St. Peter’s Prep, a respected institution with powerful political ties, argues that after spending years and about $4 million assembling property for much-needed athletic fields, it is being held up unfairly by Tan.

The school last year built a new field adjacent to the Golden Cicada, but the Rev. James Keenan, St. Peter’s president, said it is 7 yards shy of regulation and must be lengthened for the varsity to play its home games there.

“We offered to buy the garages behind his business, which would give us enough room,” Keenan said. “That would not affect his business, but he refused.”

Keenan also stressed that Tan put his business up for sale in 1998, but the bar owner said that is irrelevant.

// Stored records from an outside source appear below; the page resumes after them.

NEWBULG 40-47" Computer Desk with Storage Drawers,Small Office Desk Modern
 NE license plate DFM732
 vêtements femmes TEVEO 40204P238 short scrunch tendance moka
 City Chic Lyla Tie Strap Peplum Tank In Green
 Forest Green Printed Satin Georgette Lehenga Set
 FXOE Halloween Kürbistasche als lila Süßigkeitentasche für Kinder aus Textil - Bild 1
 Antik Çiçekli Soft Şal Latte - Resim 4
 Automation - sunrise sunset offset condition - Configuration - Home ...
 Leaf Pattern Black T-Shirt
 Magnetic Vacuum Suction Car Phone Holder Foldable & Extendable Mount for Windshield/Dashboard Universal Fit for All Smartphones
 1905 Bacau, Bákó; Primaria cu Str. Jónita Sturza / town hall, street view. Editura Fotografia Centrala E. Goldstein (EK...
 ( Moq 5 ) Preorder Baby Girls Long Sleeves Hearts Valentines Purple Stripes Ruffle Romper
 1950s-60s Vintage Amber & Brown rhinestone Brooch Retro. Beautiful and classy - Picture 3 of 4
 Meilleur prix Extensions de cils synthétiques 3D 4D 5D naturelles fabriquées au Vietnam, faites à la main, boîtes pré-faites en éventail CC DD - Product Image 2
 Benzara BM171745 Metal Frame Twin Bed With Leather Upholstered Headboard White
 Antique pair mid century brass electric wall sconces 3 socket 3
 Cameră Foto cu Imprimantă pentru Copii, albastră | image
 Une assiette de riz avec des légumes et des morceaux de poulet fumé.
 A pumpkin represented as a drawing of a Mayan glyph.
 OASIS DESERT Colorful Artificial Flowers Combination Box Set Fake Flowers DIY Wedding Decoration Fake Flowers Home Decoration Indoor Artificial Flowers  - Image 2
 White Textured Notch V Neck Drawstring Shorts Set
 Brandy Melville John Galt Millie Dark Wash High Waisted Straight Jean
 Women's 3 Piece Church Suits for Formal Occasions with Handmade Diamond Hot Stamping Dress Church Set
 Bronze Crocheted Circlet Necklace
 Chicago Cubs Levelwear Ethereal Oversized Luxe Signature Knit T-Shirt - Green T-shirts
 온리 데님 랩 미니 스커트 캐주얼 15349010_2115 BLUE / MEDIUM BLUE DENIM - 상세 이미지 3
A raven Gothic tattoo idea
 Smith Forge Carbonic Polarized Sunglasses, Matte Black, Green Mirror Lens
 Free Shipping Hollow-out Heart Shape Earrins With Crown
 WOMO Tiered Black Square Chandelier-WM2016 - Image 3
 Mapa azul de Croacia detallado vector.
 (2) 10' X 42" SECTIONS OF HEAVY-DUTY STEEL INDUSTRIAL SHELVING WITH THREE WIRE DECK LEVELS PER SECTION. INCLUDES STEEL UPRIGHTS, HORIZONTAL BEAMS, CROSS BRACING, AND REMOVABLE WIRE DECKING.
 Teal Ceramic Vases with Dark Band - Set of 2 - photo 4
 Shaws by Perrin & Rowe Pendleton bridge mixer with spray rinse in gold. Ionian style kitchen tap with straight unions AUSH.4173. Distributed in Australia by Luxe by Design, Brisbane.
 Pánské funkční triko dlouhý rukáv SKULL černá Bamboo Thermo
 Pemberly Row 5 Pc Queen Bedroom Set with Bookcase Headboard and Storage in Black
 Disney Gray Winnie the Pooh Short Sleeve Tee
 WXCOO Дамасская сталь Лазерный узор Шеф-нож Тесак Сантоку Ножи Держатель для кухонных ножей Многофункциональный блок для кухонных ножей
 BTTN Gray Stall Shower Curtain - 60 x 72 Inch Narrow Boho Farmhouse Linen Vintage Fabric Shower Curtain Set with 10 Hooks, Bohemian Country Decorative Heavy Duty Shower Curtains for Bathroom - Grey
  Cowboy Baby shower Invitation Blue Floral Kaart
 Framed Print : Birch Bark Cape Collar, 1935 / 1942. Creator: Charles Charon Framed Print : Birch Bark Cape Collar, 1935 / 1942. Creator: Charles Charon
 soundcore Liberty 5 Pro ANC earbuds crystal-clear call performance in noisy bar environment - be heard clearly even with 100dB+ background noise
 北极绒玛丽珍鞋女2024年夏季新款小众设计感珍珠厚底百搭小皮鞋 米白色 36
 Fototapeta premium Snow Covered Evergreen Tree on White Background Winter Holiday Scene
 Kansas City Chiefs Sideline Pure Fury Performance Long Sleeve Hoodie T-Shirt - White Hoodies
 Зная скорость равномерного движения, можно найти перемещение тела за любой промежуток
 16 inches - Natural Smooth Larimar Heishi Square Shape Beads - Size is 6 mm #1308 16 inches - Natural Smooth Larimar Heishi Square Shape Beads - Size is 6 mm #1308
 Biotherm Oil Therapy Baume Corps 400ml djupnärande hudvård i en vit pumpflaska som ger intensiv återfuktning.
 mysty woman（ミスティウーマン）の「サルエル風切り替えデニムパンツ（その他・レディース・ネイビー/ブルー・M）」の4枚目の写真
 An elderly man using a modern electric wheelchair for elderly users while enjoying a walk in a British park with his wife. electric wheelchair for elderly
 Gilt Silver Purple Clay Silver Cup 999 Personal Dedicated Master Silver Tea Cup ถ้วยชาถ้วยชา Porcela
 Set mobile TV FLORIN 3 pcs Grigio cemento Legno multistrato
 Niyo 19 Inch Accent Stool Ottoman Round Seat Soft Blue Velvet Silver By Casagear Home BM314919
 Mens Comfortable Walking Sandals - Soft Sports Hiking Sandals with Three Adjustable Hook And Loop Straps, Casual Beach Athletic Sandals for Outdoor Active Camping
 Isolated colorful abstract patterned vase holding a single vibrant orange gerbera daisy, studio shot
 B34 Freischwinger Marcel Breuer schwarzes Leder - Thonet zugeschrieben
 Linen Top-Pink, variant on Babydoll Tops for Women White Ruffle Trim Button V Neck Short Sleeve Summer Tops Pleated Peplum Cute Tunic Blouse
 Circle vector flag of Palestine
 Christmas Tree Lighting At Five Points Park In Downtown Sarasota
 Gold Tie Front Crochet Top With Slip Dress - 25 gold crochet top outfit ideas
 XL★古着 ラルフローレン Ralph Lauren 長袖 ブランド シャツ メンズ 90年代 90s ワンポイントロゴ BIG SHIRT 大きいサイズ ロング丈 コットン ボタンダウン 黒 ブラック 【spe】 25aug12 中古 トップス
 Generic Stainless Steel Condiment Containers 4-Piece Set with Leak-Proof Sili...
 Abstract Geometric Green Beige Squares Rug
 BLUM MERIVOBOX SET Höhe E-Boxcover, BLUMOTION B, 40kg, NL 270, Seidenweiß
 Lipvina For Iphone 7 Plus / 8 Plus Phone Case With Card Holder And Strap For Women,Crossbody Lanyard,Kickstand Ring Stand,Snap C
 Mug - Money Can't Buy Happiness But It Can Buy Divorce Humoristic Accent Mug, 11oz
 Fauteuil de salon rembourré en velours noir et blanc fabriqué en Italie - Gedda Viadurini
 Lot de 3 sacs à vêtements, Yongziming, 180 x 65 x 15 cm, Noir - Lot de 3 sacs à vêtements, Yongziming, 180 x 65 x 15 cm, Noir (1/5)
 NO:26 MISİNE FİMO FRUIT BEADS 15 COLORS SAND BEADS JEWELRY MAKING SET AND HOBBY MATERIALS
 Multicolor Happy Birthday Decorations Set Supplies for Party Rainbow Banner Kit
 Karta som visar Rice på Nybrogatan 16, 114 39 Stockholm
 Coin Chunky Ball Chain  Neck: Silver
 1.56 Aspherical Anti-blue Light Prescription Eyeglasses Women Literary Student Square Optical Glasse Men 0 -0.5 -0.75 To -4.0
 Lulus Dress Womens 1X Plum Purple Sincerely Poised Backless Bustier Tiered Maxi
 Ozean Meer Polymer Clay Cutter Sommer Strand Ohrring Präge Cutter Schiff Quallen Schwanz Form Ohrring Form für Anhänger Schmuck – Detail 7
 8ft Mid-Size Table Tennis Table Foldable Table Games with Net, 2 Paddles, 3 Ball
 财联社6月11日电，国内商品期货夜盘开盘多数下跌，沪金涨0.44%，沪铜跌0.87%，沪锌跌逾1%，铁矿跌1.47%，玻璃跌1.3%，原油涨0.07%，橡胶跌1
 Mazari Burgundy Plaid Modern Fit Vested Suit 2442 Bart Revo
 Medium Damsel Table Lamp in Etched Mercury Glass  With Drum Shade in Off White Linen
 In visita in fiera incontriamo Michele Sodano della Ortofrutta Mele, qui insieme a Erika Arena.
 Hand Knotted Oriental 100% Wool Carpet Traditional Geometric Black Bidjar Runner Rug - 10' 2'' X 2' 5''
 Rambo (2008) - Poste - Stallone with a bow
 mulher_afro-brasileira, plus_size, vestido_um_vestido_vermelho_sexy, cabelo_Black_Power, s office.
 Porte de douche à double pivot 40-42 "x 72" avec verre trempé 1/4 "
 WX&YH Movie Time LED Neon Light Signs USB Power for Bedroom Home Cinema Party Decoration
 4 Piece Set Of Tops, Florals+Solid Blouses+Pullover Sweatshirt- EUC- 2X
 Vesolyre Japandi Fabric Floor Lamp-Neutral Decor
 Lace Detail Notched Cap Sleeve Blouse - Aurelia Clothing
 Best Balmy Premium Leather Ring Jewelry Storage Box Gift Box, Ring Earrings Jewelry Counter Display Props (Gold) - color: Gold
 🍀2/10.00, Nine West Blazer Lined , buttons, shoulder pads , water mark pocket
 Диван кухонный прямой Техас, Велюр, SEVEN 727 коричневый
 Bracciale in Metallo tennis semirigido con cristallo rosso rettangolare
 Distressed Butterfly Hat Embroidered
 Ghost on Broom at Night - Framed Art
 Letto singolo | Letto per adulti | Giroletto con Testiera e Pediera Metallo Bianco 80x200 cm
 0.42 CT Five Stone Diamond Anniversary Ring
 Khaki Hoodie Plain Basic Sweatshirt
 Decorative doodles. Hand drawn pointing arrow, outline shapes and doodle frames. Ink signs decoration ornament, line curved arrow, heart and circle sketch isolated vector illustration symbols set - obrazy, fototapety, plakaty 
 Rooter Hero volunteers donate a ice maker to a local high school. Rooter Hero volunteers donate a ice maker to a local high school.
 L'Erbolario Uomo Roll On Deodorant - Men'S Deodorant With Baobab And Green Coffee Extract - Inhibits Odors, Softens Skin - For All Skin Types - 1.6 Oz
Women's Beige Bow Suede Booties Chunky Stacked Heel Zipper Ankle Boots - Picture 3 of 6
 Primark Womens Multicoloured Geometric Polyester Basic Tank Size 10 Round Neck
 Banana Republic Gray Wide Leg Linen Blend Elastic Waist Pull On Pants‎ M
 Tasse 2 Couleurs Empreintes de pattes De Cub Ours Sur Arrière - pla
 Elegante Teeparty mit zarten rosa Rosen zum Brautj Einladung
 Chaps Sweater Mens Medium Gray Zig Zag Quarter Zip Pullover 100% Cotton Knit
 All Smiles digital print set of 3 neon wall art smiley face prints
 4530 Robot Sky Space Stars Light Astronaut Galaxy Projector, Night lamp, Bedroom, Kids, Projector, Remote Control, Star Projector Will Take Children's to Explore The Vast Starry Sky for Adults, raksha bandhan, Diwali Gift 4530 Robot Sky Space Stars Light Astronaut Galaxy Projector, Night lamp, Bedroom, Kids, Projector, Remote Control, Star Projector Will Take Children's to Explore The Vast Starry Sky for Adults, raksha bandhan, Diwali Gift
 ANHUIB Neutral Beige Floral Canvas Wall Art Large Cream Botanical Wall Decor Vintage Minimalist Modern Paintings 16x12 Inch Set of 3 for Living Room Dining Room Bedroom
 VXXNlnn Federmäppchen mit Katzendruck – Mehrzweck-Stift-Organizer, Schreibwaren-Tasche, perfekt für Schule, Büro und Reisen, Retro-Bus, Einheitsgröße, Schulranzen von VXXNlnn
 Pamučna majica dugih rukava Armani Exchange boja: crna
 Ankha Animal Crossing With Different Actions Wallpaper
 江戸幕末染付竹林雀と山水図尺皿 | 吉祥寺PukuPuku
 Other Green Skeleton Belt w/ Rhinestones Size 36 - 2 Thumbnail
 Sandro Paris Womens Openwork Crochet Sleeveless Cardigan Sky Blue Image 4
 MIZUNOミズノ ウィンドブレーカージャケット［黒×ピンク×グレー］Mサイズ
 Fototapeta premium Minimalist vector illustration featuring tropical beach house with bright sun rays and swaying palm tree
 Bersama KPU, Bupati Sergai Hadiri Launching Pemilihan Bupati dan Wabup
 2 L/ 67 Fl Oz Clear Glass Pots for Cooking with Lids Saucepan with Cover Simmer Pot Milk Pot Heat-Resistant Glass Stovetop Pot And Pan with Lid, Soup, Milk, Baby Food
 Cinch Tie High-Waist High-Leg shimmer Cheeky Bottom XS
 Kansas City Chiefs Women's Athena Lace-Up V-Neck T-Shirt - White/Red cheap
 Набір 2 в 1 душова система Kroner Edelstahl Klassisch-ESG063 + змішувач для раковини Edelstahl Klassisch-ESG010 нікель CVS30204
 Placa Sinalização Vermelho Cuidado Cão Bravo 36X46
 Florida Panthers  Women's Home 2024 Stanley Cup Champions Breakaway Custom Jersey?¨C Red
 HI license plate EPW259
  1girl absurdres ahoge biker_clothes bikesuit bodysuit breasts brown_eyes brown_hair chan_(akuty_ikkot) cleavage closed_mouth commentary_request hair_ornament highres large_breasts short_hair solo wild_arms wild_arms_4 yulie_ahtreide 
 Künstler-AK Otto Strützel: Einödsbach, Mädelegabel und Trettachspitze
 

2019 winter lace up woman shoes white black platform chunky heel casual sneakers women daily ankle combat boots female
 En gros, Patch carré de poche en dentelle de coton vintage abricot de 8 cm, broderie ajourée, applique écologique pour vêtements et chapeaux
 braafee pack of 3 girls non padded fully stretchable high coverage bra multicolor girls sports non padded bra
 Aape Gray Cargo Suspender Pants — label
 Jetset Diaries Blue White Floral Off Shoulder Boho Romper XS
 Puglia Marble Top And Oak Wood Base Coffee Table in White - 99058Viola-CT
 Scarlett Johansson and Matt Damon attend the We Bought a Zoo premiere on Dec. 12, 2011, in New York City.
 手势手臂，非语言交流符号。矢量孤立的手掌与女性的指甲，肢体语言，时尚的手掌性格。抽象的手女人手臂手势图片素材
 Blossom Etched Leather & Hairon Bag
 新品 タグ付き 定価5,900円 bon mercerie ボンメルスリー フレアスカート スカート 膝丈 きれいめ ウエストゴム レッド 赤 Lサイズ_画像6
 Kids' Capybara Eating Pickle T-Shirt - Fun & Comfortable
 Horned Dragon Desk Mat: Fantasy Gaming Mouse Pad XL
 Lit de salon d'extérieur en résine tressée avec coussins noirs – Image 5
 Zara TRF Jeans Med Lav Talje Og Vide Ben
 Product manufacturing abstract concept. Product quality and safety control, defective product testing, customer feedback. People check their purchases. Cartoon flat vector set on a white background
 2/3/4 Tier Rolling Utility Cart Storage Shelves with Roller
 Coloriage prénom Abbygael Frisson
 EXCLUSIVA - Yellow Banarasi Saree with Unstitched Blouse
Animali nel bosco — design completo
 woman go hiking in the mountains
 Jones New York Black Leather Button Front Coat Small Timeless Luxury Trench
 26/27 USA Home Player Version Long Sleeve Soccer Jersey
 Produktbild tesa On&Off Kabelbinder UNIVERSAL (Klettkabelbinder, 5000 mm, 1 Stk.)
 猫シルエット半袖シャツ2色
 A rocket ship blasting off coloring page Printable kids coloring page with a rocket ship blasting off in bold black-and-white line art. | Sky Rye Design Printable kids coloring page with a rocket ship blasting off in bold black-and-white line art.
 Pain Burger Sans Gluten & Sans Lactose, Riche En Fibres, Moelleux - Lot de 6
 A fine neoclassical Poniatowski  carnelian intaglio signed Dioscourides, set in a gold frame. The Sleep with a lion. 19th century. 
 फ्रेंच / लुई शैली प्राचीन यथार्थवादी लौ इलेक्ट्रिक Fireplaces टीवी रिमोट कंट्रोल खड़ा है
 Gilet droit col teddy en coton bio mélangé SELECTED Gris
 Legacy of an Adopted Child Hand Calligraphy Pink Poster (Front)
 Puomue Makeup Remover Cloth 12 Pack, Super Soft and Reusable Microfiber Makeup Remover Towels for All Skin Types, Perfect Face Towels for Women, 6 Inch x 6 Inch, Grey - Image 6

“My wife was sick, and I was having financial difficulties,” Tan said. “But that has nothing to do with their right to take my business. It doesn’t matter if this business was open one day or one year.”

Tan bought the bar in 1987 and Kam-sin, his late wife, ran it while he continued to work as an electrical engineer. (The bar’s name is the English translation of his wife’s Mandarin name.)

On paper, the legal argument is technically between the redevelopment agency – which is empowered by state law to seize property – and Tan. The city council in 2000 declared the area around Tan’s bar “in need of redevelopment” and designated it for open space and recreation. A lawyer for the city confirmed that the agency has an agreement to sell Tan’s property to St. Peter’s at cost if it wins the case.

Keenan said the school bought an adjacent scrap yard in 1999 and hoped, at the time, to get both Tan’s property and a neighboring rowhouse. (The elderly owner of the rowhouse has never put it up for sale, Keenan said, and the school is willing to wait him out.)

As the legal process churned slowly along, Tan became increasingly well-versed and militant about eminent domain.

“It’s like the reincarnation of Thomas Paine,” he joked, noting that eminent domain is a frequent subject of conversation among his regulars. “When the government starts ignoring property rights, we all have a serious problem.”

In 2003, the school won approval to build its elaborate practice field but soon discovered that the scrap yard was far more polluted than expected. The price of the project ballooned from $2.5 million to $4 million, Keenan said.

The school got help from the state Legislature, which, at the behest of state Sen. Bernard Kenny (D-Hudson), chipped in $250,000 for the cleanup. Kenny’s sons both attended St. Peter’s.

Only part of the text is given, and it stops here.